Geliştirilmiş kerpiç yapım teknolojisi olarak kullanılan ve adına “ALKER” denen yeni kerpiç yapım teknolojisi, eskimiş veya kullanım fonksiyonları kısıtlanmış olan kerpiç yapılara, “teknoloji giydirmek” gibi bir misyonu üstlenmiştir. Kelime olarak alker, alçı (al) ile kerpiç (ker) karışımının kısaltılmışıdır. Alker, 100 kg geleneksel samansız kerpiç hamuruna %2 oranında kireç, %10 oranında alçı ve %20 oranında su ve az oranda da çimento ilave edilerek oluşturulan hamurun adıdır. Bu karışımda kerpiç hamuruna eklenen kireç, hamurun priz süresini (kurumasını) arttırararak, kerpiç bloklar üzerinde daha uzun süre çalışabilmeye olanak sağlar. Bu durum, özellikle bloklara değişik formlar verilmesi gerekli durumlarda çok yararlıdır.
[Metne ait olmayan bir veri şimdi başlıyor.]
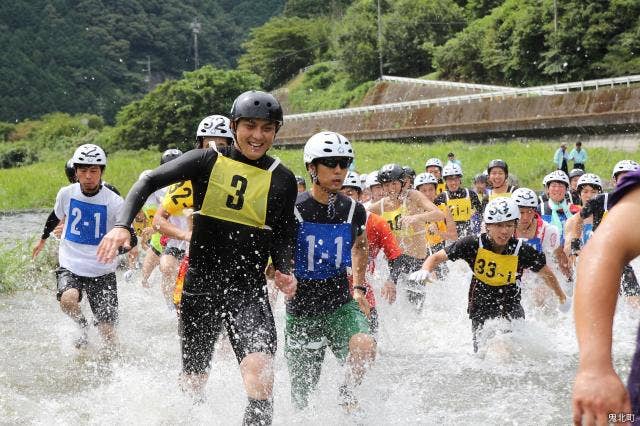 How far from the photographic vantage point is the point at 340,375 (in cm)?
589

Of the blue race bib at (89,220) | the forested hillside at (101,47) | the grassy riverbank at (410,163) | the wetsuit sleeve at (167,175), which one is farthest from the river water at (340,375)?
the forested hillside at (101,47)

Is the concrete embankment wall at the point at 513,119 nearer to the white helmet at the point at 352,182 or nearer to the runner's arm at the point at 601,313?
the white helmet at the point at 352,182

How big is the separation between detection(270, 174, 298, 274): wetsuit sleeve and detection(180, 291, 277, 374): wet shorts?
0.82ft

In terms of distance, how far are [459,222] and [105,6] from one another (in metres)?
118

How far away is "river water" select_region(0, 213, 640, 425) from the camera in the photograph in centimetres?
620

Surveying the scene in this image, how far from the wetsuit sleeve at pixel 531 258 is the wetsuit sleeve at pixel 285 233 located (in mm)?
3311

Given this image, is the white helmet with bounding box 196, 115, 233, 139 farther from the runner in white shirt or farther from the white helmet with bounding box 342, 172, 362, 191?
the white helmet with bounding box 342, 172, 362, 191

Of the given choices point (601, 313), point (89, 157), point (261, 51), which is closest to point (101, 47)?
point (261, 51)

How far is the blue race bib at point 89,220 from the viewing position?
26.9ft

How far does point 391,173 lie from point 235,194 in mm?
5148

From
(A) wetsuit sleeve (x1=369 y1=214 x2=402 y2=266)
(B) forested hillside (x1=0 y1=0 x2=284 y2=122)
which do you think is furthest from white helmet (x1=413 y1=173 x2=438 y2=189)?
(B) forested hillside (x1=0 y1=0 x2=284 y2=122)

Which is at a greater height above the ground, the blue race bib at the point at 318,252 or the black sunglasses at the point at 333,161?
the black sunglasses at the point at 333,161

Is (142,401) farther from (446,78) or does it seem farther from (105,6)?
(105,6)

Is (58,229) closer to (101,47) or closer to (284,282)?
(284,282) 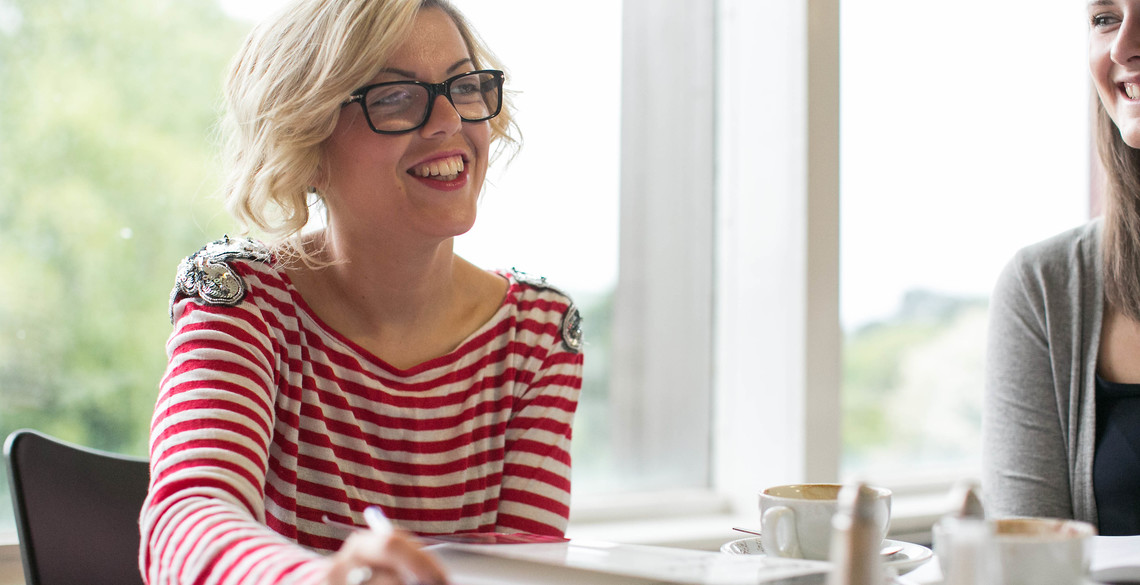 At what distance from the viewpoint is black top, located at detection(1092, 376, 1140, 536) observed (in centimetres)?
133

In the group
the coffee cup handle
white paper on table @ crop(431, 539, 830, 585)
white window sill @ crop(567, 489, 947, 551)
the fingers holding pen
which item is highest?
the fingers holding pen

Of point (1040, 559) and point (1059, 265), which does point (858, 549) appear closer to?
point (1040, 559)

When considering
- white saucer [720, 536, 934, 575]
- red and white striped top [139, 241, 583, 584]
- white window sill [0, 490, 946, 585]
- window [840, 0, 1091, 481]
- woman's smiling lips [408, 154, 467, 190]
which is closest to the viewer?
white saucer [720, 536, 934, 575]

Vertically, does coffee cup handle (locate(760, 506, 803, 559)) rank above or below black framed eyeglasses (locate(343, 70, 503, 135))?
below

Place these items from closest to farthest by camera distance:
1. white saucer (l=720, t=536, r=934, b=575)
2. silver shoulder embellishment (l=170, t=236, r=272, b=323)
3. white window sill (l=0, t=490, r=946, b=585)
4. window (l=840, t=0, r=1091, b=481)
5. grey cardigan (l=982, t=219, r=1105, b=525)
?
white saucer (l=720, t=536, r=934, b=575) < silver shoulder embellishment (l=170, t=236, r=272, b=323) < grey cardigan (l=982, t=219, r=1105, b=525) < white window sill (l=0, t=490, r=946, b=585) < window (l=840, t=0, r=1091, b=481)

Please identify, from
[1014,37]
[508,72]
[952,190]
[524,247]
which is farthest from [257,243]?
[1014,37]

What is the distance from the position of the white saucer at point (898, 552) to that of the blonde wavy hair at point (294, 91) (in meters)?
0.69

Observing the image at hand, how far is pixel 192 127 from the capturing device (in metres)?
1.86

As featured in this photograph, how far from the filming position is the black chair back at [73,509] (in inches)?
44.6

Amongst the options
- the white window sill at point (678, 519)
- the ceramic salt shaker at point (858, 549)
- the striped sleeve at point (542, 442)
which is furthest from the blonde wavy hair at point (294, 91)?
the white window sill at point (678, 519)

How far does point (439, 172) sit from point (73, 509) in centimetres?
60

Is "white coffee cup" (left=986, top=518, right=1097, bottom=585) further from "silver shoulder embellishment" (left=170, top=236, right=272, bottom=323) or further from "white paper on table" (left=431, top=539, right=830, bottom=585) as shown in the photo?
"silver shoulder embellishment" (left=170, top=236, right=272, bottom=323)

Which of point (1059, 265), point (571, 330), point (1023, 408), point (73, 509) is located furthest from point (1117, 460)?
point (73, 509)

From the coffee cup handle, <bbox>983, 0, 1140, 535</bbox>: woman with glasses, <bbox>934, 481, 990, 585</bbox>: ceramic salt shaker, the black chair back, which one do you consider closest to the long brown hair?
<bbox>983, 0, 1140, 535</bbox>: woman with glasses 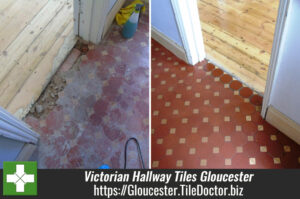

Alker teknolojisinde kullanılan ve hamura eklenen çimento ise, malzemenin mukavemetini büyük oranda arttırmaya yaramaktadır.
Alker ile geleneksel kerpiç teknolojisi kullanarak üretilen kerpiç arasında büyük farklar vardır. Alkerin kullanılmasıyla malzemenin mekanik dayanıklılığı artar, ısı iletkenliği, rötre denilen çatlamalar, yüzey pürüzlülüğü ve üretim süresi ise azalır. Bu durum da, geleneksel kerpiç teknolojisiyle inşa edilmiş yapılara oranla, hem daha sağlam, mukavemetli, dış ve doğal etkenlerden daha az etkilenen, daha ekonomik, daha estetik bir yapı oluşumunu sağlar. Kerpiç yapı kullanımında gerek işçilikten, gerekse üretim sürecinden dolayı büyük ekonomiklik sağlayan alker, ısı iletkenliğinin daha az olmasından dolayı da, yakıt tasarrufu sağlayarak doğaya daha az yakıt atığının bırakılmasına imkan sağlar. Ayrıca çimento, tuğla gibi üretilmesinde büyük enerjiler harcanan ve doğaya da zararlı atıklar bırakılmasına sebebiyet veren yapı malzemelerine karşı da, daha çevreci sayılmaktadır. Bugün dünyada enerji sıkıntısı çekilmekteyken, böylesi bir enerji tasarrufu sağlayan alkerli kerpiçin daha fazla kullanılması oldukça iyi olur. Bizim ülkemizdeki enerji sıkıntısı had safhadayken, çevremizi iyileştirirken, güzelleştirirken ve geliştirirken hem daha ekonomik, hem de enerji bakımından hiçbir külfet getirmeyen bu teknolojiyi kullanmak daha mantıklı olsa gerek.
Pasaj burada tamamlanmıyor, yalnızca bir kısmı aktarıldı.